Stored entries
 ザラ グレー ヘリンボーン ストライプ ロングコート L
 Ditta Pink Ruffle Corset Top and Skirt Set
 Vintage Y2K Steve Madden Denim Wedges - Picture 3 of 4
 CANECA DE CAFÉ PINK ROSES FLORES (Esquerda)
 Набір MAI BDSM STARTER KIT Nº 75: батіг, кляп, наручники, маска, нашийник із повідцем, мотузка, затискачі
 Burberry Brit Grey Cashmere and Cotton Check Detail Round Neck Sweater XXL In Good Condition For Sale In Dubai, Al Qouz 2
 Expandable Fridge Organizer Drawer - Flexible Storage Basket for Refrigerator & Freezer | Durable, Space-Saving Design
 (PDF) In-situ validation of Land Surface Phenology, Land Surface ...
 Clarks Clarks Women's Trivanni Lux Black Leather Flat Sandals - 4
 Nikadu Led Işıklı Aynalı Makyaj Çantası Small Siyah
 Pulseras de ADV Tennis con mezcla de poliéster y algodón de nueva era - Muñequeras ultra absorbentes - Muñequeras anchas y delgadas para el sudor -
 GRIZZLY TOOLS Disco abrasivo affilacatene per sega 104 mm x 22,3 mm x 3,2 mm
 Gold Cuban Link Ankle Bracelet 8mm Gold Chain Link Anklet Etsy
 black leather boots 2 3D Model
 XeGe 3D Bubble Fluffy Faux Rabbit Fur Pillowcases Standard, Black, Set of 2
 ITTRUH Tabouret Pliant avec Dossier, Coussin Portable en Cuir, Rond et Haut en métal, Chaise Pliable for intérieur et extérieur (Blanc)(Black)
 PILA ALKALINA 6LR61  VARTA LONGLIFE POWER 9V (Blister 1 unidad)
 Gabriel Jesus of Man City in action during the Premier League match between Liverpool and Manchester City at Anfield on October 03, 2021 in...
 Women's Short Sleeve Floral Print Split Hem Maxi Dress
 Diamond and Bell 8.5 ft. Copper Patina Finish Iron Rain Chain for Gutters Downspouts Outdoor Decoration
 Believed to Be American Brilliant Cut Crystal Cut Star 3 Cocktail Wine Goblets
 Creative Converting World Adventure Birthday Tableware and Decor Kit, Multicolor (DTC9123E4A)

:: Exercise goal ::
From the line holding "black leather boots 2 3D Model" through the last line above, reproduce each line exactly and add nothing.

:: Result below ::
 black leather boots 2 3D Model
 XeGe 3D Bubble Fluffy Faux Rabbit Fur Pillowcases Standard, Black, Set of 2
 ITTRUH Tabouret Pliant avec Dossier, Coussin Portable en Cuir, Rond et Haut en métal, Chaise Pliable for intérieur et extérieur (Blanc)(Black)
 PILA ALKALINA 6LR61  VARTA LONGLIFE POWER 9V (Blister 1 unidad)
 Gabriel Jesus of Man City in action during the Premier League match between Liverpool and Manchester City at Anfield on October 03, 2021 in...
 Women's Short Sleeve Floral Print Split Hem Maxi Dress
 Diamond and Bell 8.5 ft. Copper Patina Finish Iron Rain Chain for Gutters Downspouts Outdoor Decoration
 Believed to Be American Brilliant Cut Crystal Cut Star 3 Cocktail Wine Goblets
 Creative Converting World Adventure Birthday Tableware and Decor Kit, Multicolor (DTC9123E4A)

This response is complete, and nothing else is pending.